|Case Studies Jan/Feb|
By Florence Falk
Alone without Loneliness
Discovering the satisfactions of single-womanhood
More women may be living alone today than at any time in human history. Fifty-one percent of women live without spouses. A quarter of adult American women have never married. The percentage of divorced or separated women has tripled since 1950. Nearly 12 million women are widows.

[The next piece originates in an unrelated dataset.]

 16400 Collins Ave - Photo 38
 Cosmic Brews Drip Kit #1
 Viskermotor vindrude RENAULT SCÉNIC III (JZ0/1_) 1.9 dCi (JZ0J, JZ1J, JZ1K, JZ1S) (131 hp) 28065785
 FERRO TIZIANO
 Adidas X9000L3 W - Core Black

Yet "aloneness," the state in which each of these women lives, is virtually invisible as a subject of even passing concern in the social and cultural zeitgeist. Shouldn't we, as therapists, pay more attention to it? I believe we need to take a more systematic and comprehensive therapeutic approach to the role that aloneness can play at every stage of women's lives, whether they're single or married, young or old.
After the Bliss
Lisa, a successful set designer in her early thirties, came into my office looking wilted and slightly shell-shocked, as if she'd rushed to a party only to find it was long over. In a way, this was true. Four years after meeting Sam and falling in love, she'd separated from him—an event that seemed to have occurred of its own accord, as apathy and battle fatigue wore romance down. She was struggling to understand how a magical relationship could have fallen apart. She said that in meeting Sam she'd come as close as she could imagine to finding a soulmate. She'd found him the smartest, most exciting man she'd met. They spent a whole year in romantic bliss.
Then slowly things began to change. Lisa began to notice, or imagine, that Sam was gradually becoming more distant, more preoccupied, more restless, more emotionally cut off from her. She felt an empty space inside, a sense of aching disappointment and need—feelings that evaporated during those ever fewer times when he was loveable and attentive.